DATA TO PROCESS START
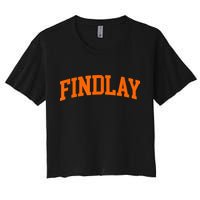 Findlay Arch Athletic College University Alumni Style Crop Top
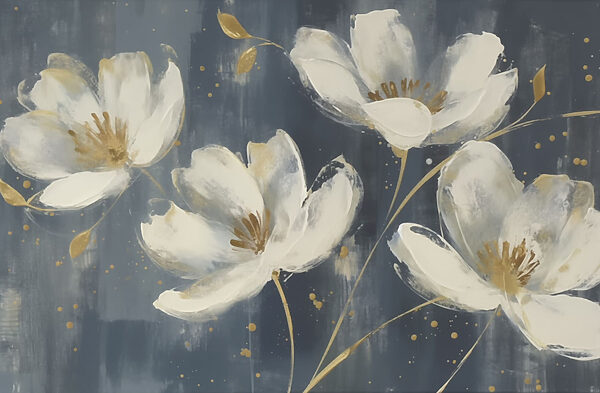 Peinture de fleurs blanches Peinture de fleurs blanches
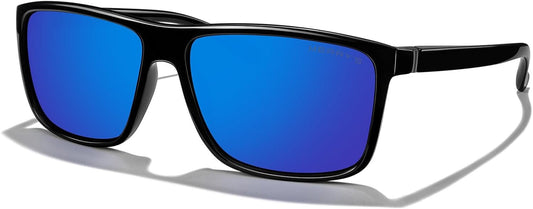 Rectangular Polarized Sports Sunglasses for Men Women Cycling Driving Fishing UV400 Protection S8225 - WORLD TIME VISITS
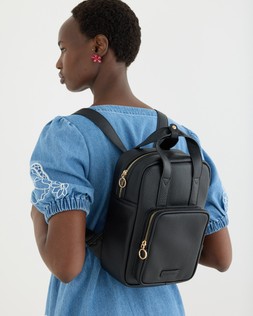 Mami Black Mini Backpack £55 €72
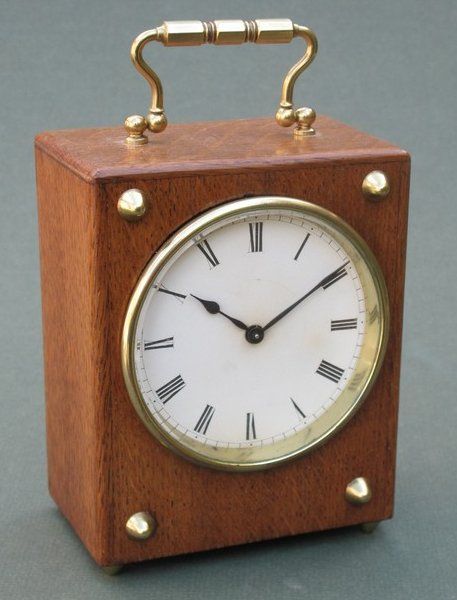 Small Oak Golden Oak Cube Clock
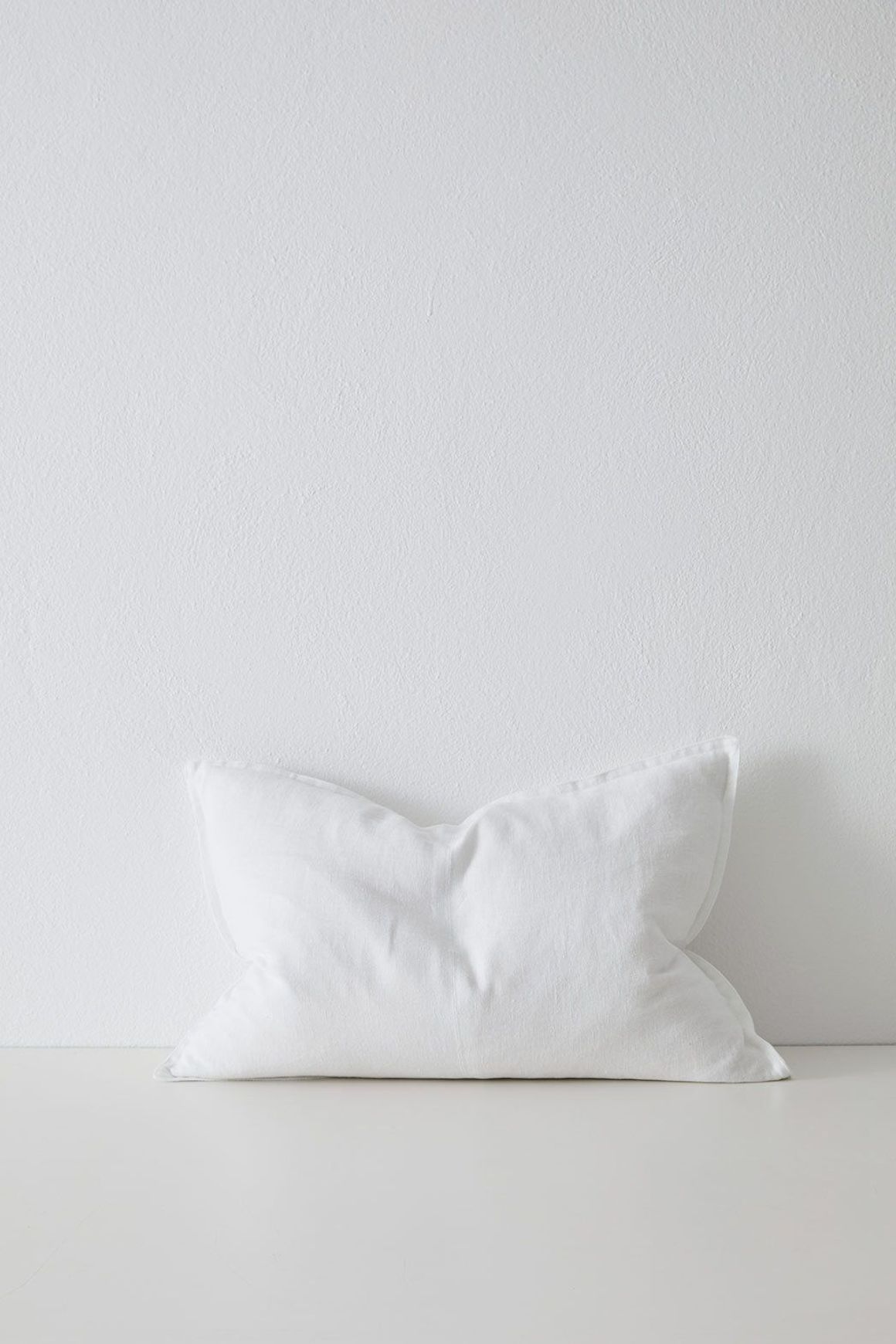 Weave Home European Linen Como Cushion - Snow | Three Sizes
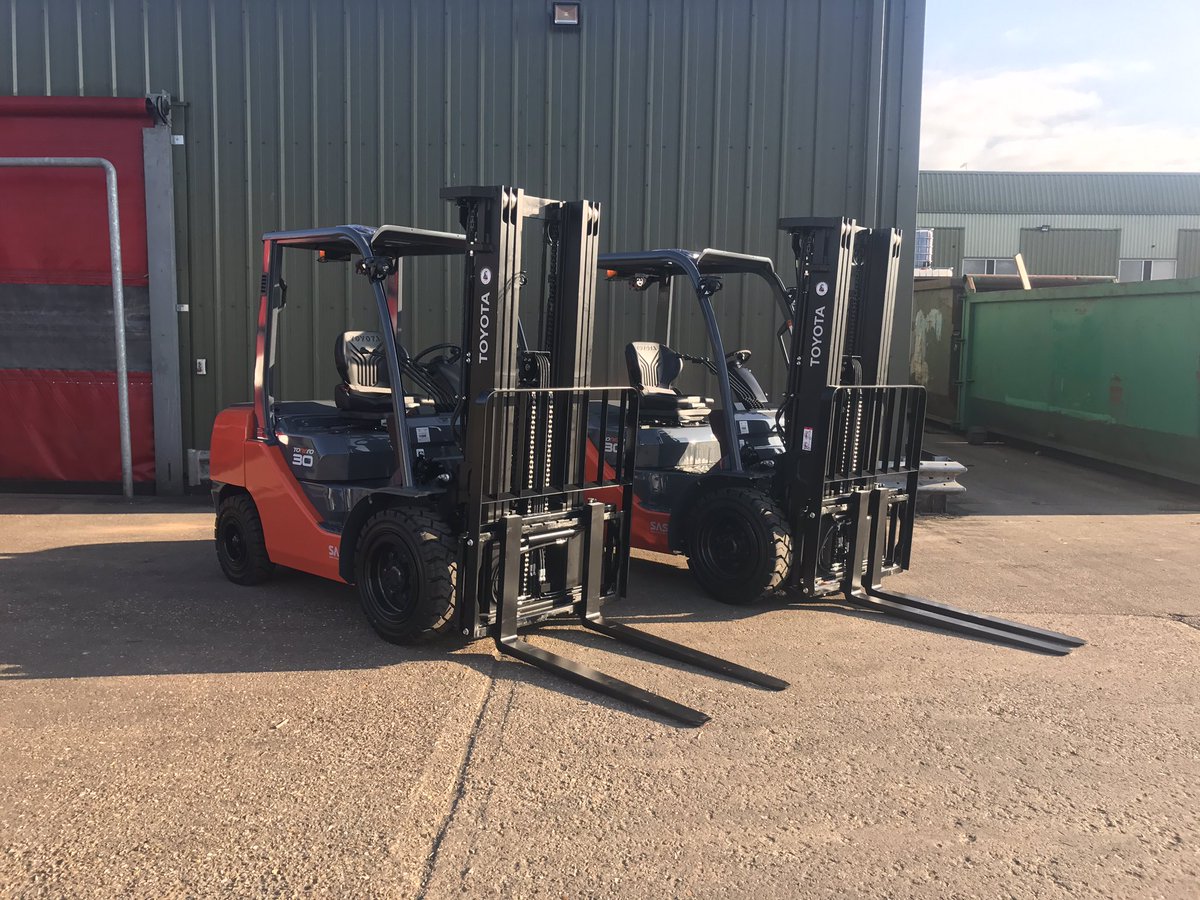 Added to are fleet today Two 3.0 2017 Toyota forklift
DATA TO PROCESS END
◆ **WORK TO BE COMPLETED**
Quote only the lines that start at the line holding "Weave Home European" and end at the last line of the entries, including both of those lines, and omit every picture.

◆ **SOLUTION TO THIS PROBLEM**
 Weave Home European Linen Como Cushion - Snow | Three Sizes
 Added to are fleet today Two 3.0 2017 Toyota forklift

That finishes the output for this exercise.